And so at one point, when the baby screws up his rosy, wrinkled face and regards his small circle of admirers, Mr. Nandi leans over and calls the baby "Buro," the Bengali word for "old man."

"What's his name? Buro?" Patty inquires brightly, bearing another tray of baked chicken for Ashima. Ashoke lifts the lid and polishes off the chicken; Ashima is now officially referred to by the maternity nurses as the Jell-O-and-Ice-Cream Lady.

"No, no, that is not a name," Ashima explains. "We haven't chosen. My grandmother is choosing."

Patty nods. "Will she be here soon?"

Ashima laughs, her first genuine laugh after giving birth.
The thought of her grandmother, born in the previous century, a shrunken woman in widow's white and with tawny skin that refuses to wrinkle, boarding a plane and flying to Cambridge, is inconceivable to her, a thought that, no matter how welcome, how desirable, feels entirely impossible, absurd. "No. But a letter will."

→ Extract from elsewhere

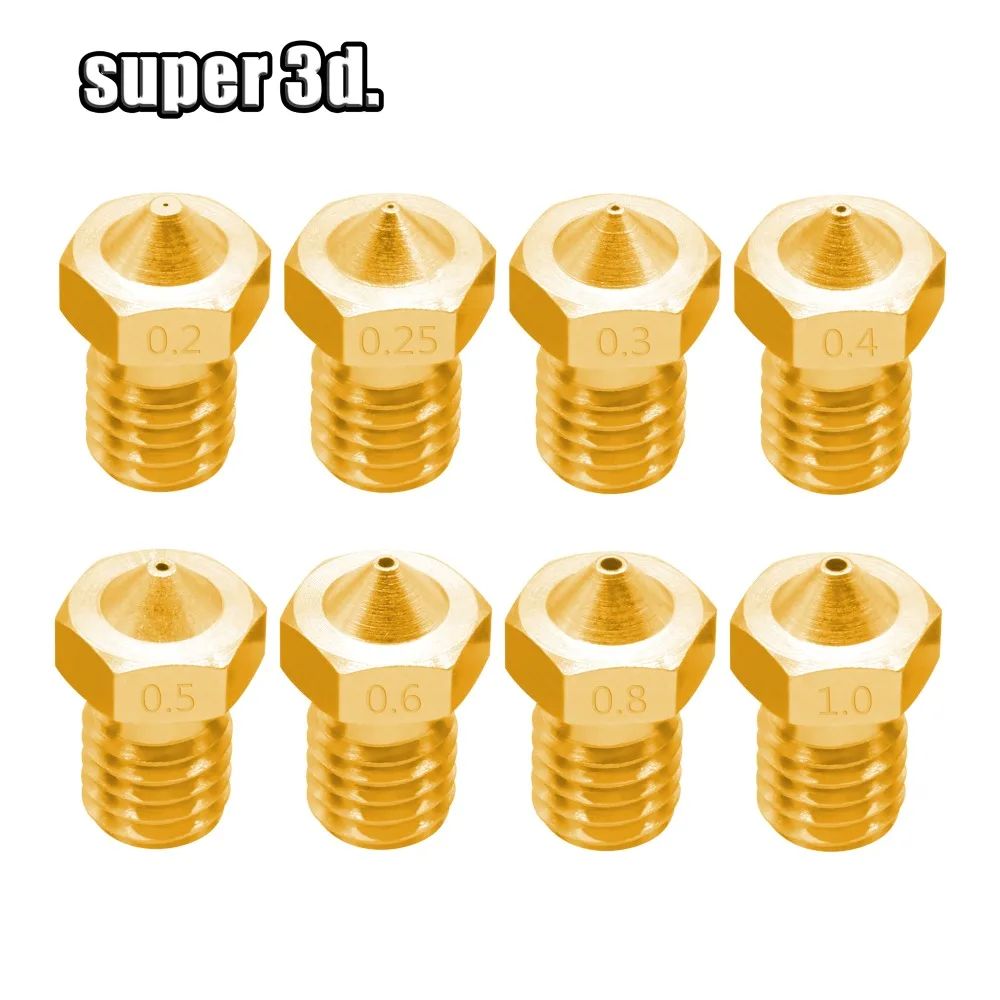 5Pcs V5 V6 Brass Nozzle M6 Thread 0.2/0.25/0.3/0.4/0.5/0.6/0.8/1.0mm E3D V6 Nozzle For 3.00mm Filament 3D Printer Accessories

That evening Ashoke goes home to the apartment, checks for the letter. Three days come and go. Ashima is shown by the nursing staff how to change diapers and how to clean the umbilical stub. She is given hot saltwater baths to soothe her bruises and stitches. She is given a list of pediatricians, and countless brochures on breast-feeding, and bonding, and immunizing, and samples of baby shampoos and Q-Tips and creams. The fourth day there is good news and bad news. The good news is that Ashima and the baby are to be discharged the following morning. The bad news is that they are told by Mr. Wilcox, compiler of hospital birth certificates, that they must choose a name for their son. For they learn that in America, a baby cannot be released from the hospital without a birth certificate. And that a birth certificate needs a name.

"But, sir," Ashima protests, "we can't possibly name him ourselves."

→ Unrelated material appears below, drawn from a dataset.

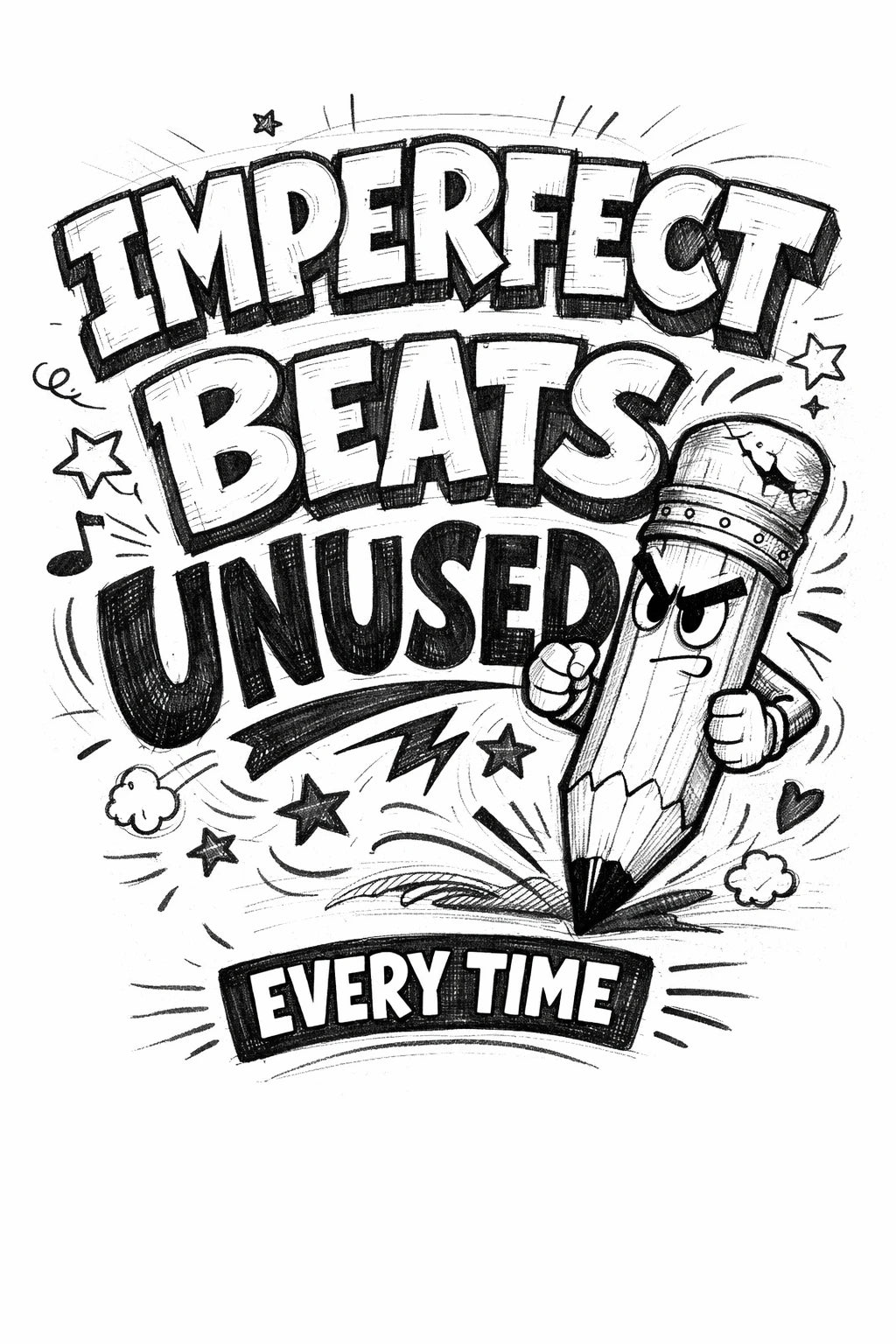 Whimsical handdrawn typography poster featuring bold hand-lettered quotes with playful illustrated characters interacting with the text in an ink sketch style: Imperfect beats unused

Mr. Wilcox, slight, bald, unamused, glances at the couple, both visibly distressed, then glances at the nameless child. "I see," he says. "The reason being?"

"We are waiting for a letter," Ashoke says, explaining the situation in detail.

"I see," Mr. Wilcox says again. "That is unfortunate. I'm afraid your only alternative is to have the certificate read 'Baby Boy Ganguli.' You will, of course, be required to amend the permanent record when a name is decided upon."

Ashima looks at Ashoke expectantly. "Is that what we should do?"

"I don't recommend it," Mr. Wilcox says. "You will have to appear before a judge, pay a fee. The red tape is endless."

"Oh dear," Ashoke says.

Mr. Wilcox nods, and silence ensues. "Don't you have any backups?" he asks.

Ashima frowns. "What does it mean, 'backup'?"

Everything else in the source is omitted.